Over the years, significant time and resources have been dedicated to improving data quality in survey research. While the quality of open-ended responses plays a key role in evaluating the validity of each participant, manually reviewing each response is a time-consuming task that has proven challenging to automate.
Although some automated tools can identify inappropriate content like gibberish or profanity, the real challenge lies in assessing the overall relevance of the answer. Generative AI, with its contextual understanding and user-friendly nature, presents researchers with the opportunity to automate this arduous response-cleaning process.
Harnessing the Power of Generative AI
Generative AI, to the rescue! The process of assessing the contextual relevance of open-ended responses can easily be automated in Google Sheets by building a customized VERIFY_RESPONSE() formula.

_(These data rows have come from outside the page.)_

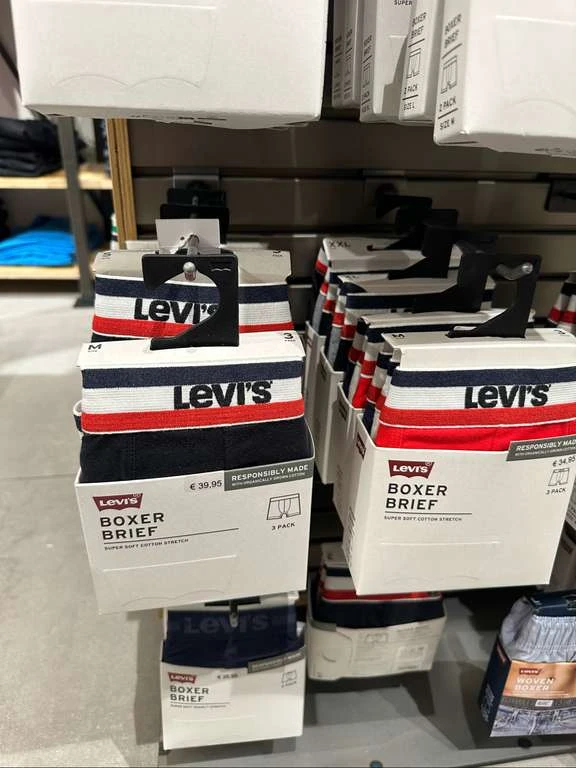 Levi’s Store BF Rabatt 50% +10% Z.B. 3er Boxershorts Für 17,98€ 1 Levi’s Store BF Rabatt 50% +10% Z.B. 3er Boxershorts Für 17,98€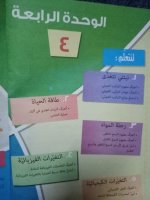حلول علوم الوحدة الرابعة الصف الرابع الفصل الثاني 2022 منهاج سوريا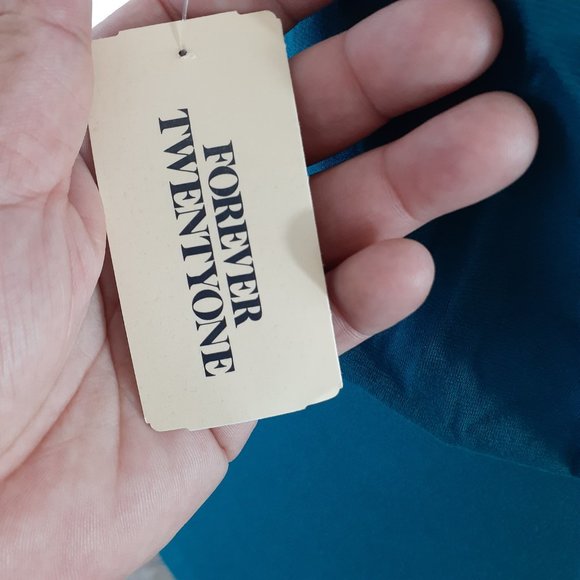 FOREVER 21 Short Length Dress/ Green1 Size Small - Picture 8 of 8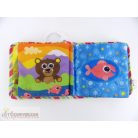 Lamaze textil babakönyv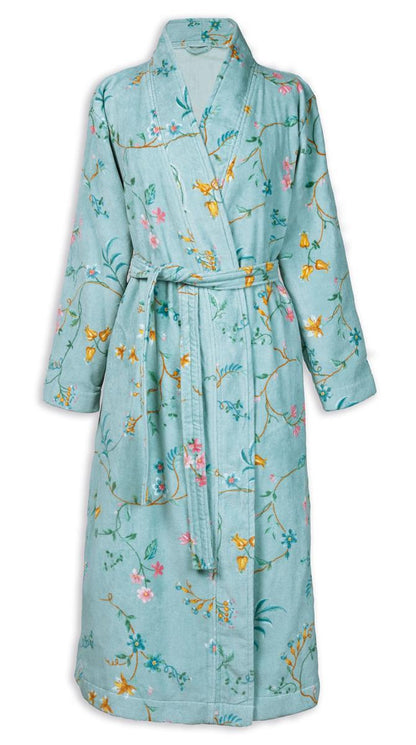 Pip Studio Les Fleurs Bathrobe - Blue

This formula integrates with the OpenAI Chat completion API, allowing us to receive a quality assessment of the open-ends along with a corresponding reason for rejection. We can help the model learn and generate a more accurate assessment by providing training data that contains examples of good and bad open-ended responses.
As a result, it becomes possible to assess hundreds of open-ended responses within minutes, achieving reasonable accuracy at a minimal cost.

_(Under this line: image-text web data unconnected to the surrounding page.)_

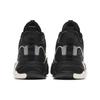 New Anta Back Wave 1.0 Cushioning Moisture Wicking High Top Casual Shoes Women's Black 922348904-2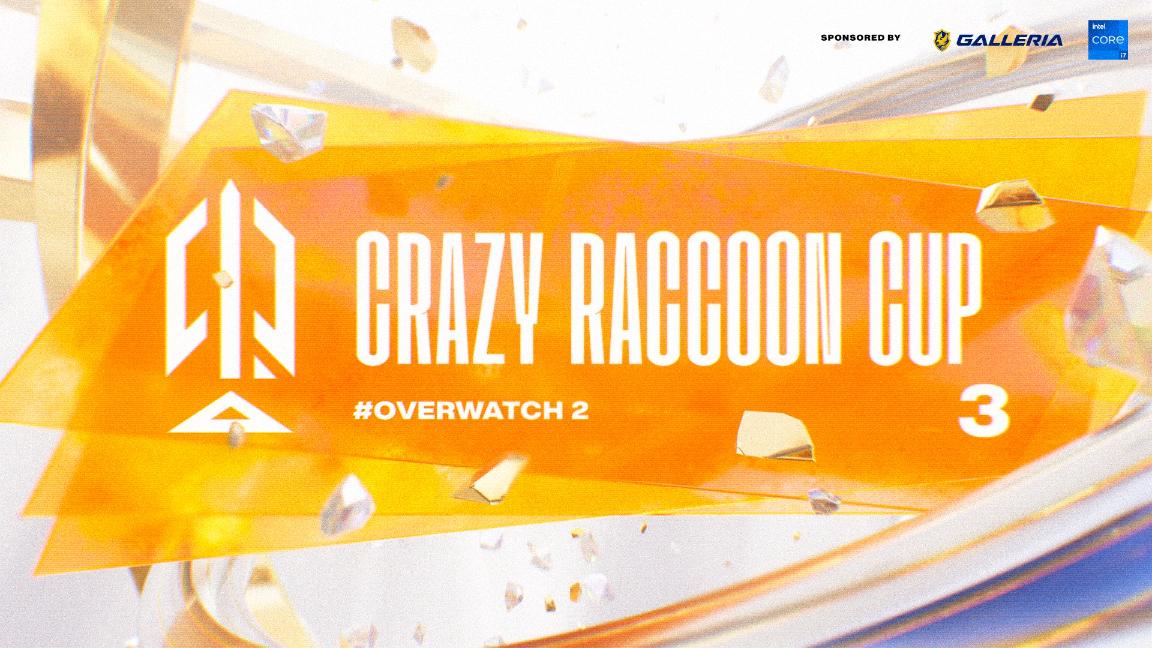 第3回 Crazy Raccoon Cup Overwatch2 feature image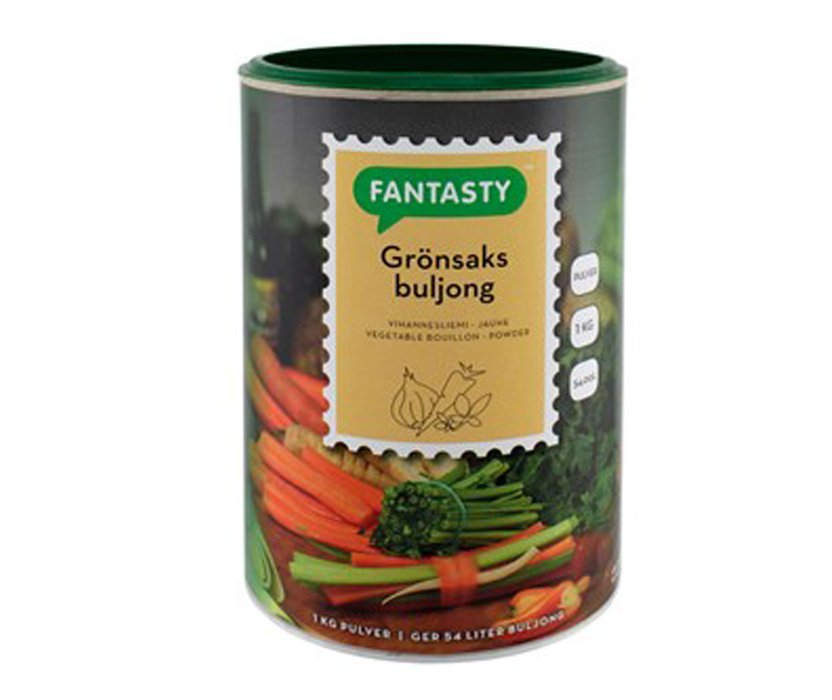 Vihannesliemijauhe 1kg - 93% alennus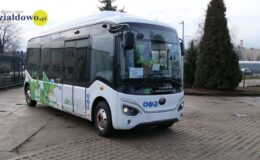 Elektryczne autobusy przyjechały do Działdowa.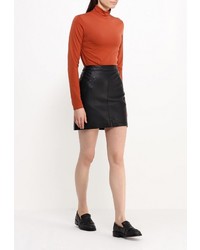 Женская оранжевая водолазка от Fantasy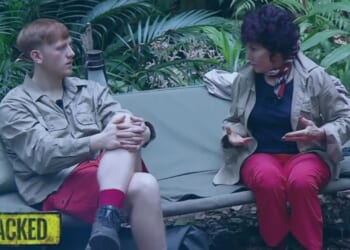 I'm A Celeb's Angry Ginge says he 'wouldn't say no' as Ruby Wax asks him about fellow campmate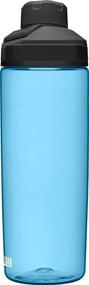 img 3 attached to 💧 CamelBak Chute Mag 20oz BPA-Free Water Bottle True Blue - Model 1510401060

Best Practices for Optimal Results
While generative AI offers impressive capabilities, it ultimately relies on the guidance and training provided by humans. In the end, AI models are only as effective as the prompts we give them and the data on which we train them.
By implementing the following ACTIVE principle, you can develop a tool that reflects your thinking and expertise as a researcher, while entrusting the AI to handle the heavy lifting.
Adaptability
To help maintain effectiveness and accuracy, you should regularly update and retrain the model as new patterns in the data emerge. For example, if a recent world or local event leads people to respond differently, you should add new open-ended responses to the training data to account for these changes.
Confidentiality
To address concerns about data handling once it has been processed by a generative pre-trained transformer (GPT), be sure to use generic open-ended questions designed solely for quality assessment purposes. This minimizes the risk of exposing your client’s confidential or sensitive information.
Tuning
When introducing new audiences, such as different countries or generations, it’s important to carefully monitor the model’s performance; you cannot assume that everyone will respond similarly. By incorporating new open-ended responses into the training data, you can enhance the model’s performance in specific contexts.
Integration with other quality checks
By integrating AI-powered quality assessment with other traditional quality control measures, you can mitigate the risk of erroneously excluding valid participants. It’s always a good idea to disqualify participants based on multiple quality checks rather than relying solely on a single criterion, whether AI-related or not.
Validation
Given that humans are generally more forgiving than machines, reviewing the responses dismissed by the model can help prevent valid participant rejection. If the model rejects a significant number of participants, you can purposely include poorly-written open-ended responses in the training data to introduce more lenient assessment criteria.
Efficiency
Building a repository of commonly-used open-ended questions across multiple surveys reduces the need to train the model from scratch each time. This has the potential to enhance overall efficiency and productivity.
Human Thinking Meets AI Scalability
The success of generative AI in assessing open-ended responses hinges on the quality of prompts and the expertise of researchers who curate the training data.
While generative AI will not completely replace humans, it serves as a valuable tool for automating and streamlining the assessment of open-ended responses, resulting in significant time and cost savings.